Thursday, July 9, 2015

Obama trying to play chess with the master (Ezekiel 17)


On Iranian Symbolism and American Nuclear Naïveté
07.08.15 – 9:15 AM | Michael Rubin

President Obama made outreach to Iran a major goal for his administration. He used his inaugural address and then his first television interview to reach out to Iran. “We will extend a hand if you are willing to unclench your fist,” he declared in his first inaugural address. Aides and presidents themselves obsess over such momentous speeches, and so Obama must have been so pleased with such symbolism that he repeated it eight days later. When it comes to symbolism, however, Obama is an amateur in comparison to Iran’s Supreme Leader Ali Khamenei.

Take, for example, nuclear negotiations pre-Joint Plan of Action. In May 2012, the Iranian government finally agreed to sit down and talk about the nuclear dispute with American diplomats and their international partners. The State Department could barely contain its excitement. In conference calls and background briefs, senior U.S. diplomats and White House officials spoke about how historic the direct dialogue was. When Iranian negotiators proposed to hold discussions on May 23, no one in the White House, State Department or, apparently, the Central Intelligence Agency, questioned why Khamenei picked that date or suggested Baghdad as a venue. Iranian history informs, however: May 23, 2012, marked the 30th anniversary of Iran’s liberation of Khorramshahr, its key victory during the Iran–Iraq War. “The pioneering Iranian nation will continue its movement towards greater progress and justice,” Khamenei promised at a victory speech, adding, “The front of tyranny, arrogance, and bullying,” that is, in typical Iranian government hyperbole, the United States, and its allies, “is moving towards weakness and destruction.” Khamenei was seeking to embarrass the United States and use American diplomats in a scheme to show Iran as superior and America as weak, but American diplomats were too oblivious to Iranian culture and history to notice.

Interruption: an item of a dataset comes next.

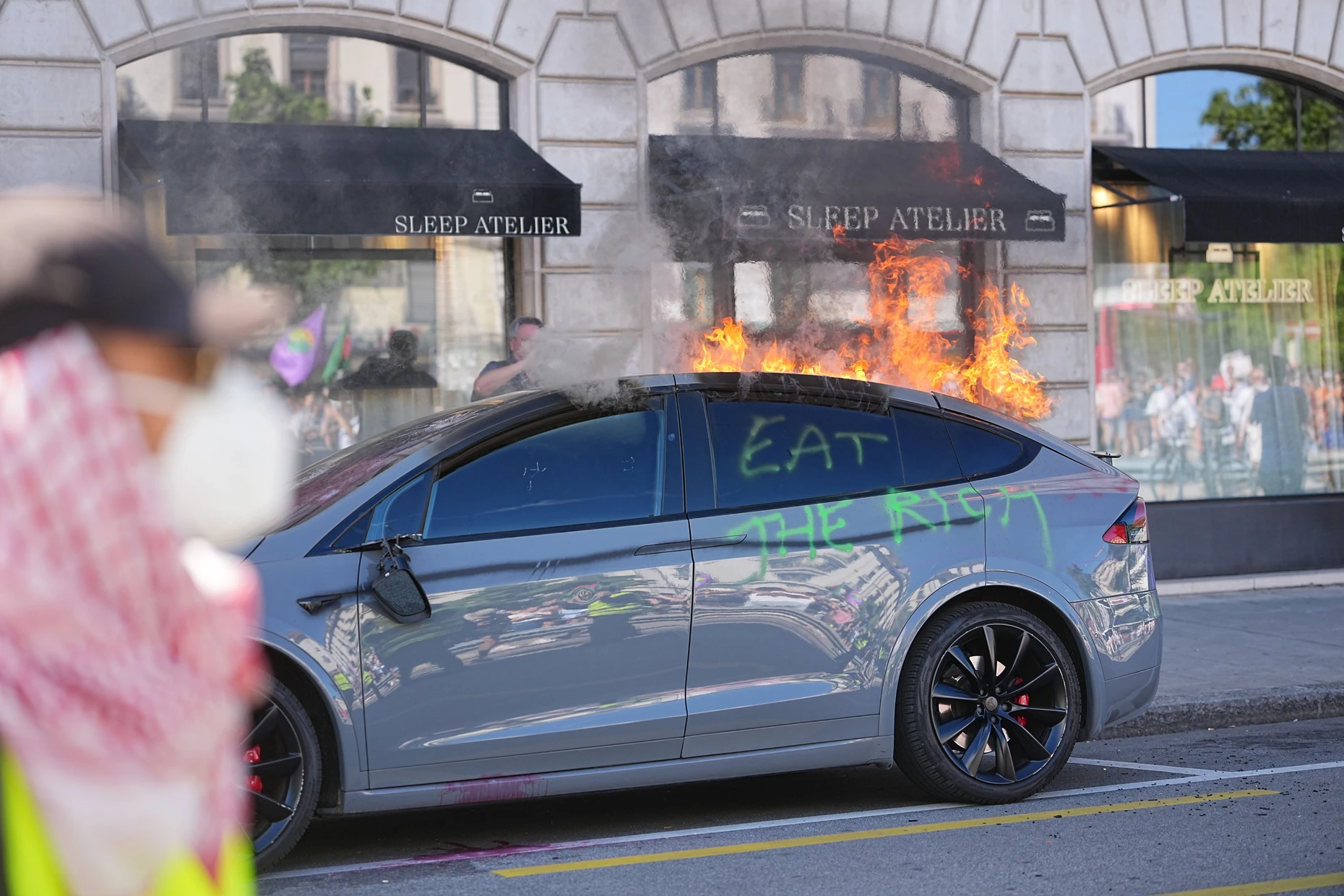 Am Rande der Proteste brennt ein Tesla-Fahrzeug.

Misreading or dismissing Khamenei’s carefully considered symbolism has become the only constant in Obama and Secretary of State John Kerry’s engagement with the Islamic Republic. Take the Supreme Leader’s call for “Heroic Flexibility,” a speech which American officials and too often fawning journalists interpreted as an endorsement by Khamenei for the nuclear talks. The actual Persian suggested otherwise. “Heroic flexibility means an artful maneuver and utilizing various methods to achieve the various goals and ideals of the Islamic system,” he declared. In otherwise, it was about a change in tactics rather than policy. Of course, the phrase itself was deeply symbolic. Native Persian speaker Amin Tarzi, a professor at the U.S. Marine Corps University, points out that when Khamenei spoke of “heroic flexibility,” he was “invoking a truce initiated by Hasan bin Ali, Shi’a Islam’s second imam, in 661 to avoid bloodshed within Muslim community. Likening his country’s ‘flexibility’ to a wrestling match, Khamenei cautioned Iran’s negotiators that ‘a good wrestler at times shows flexibility due to technical reasons but does not forget his opponent or his main goal.’” Again, what Obama interpreted as a sign of compromise, Iranians understood to be a reference to a centuries-old episode in the development of Shi‘ite Islam, which has much to do with strategic patience but little to do with true compromise.

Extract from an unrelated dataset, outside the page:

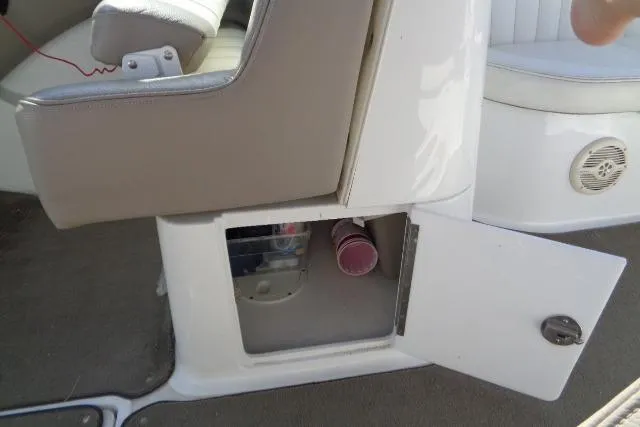 Slide: The Image of Open storage compartment in 2006 Cobalt 282 boat interior. - 22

Fast forward to the current talks, now more than a week past their deadline. Many journalists and observers believe either that a deal will be achieved over the next few days or, in order to save face, diplomats will announce a partial deal. Few have considered why Iran might want to delay any announcement for a few days, U.S. congressional deadline be damned. Ever since the victory of the Islamic Revolution, the Iranian government has commemorated the fourth Friday in Ramadan — this year on July 10 — as Qods Day, a commemoration that is usually marked with the most vile anti-Israel and anti-American rhetoric. It was on Qods Day back in 2001, for example, that former President Ali Akbar Hashemi Rafsanjani suggested Iran should use a nuclear weapon against Israel because it would wipe Israel out while Iran’s large size would allow it to absorb any retaliation. To announce a deal on Qods Day that effectively blesses a full-scale Iranian nuclear program and will allow Iran to break out and build not a bomb but an arsenal after as little as a decade will be the ultimate humiliation to the United States, and will be spun by the Iranian regime as the start of the countdown to the fulfillment of its promise to enable Israel’s ultimate destruction.

That Iran always manages to maximize such symbolism is no coincidence. It not only shows that reconciliation isn’t a goal for Tehran, but it also indicates the extent to which Iranian officials have been running circles around their American counterparts.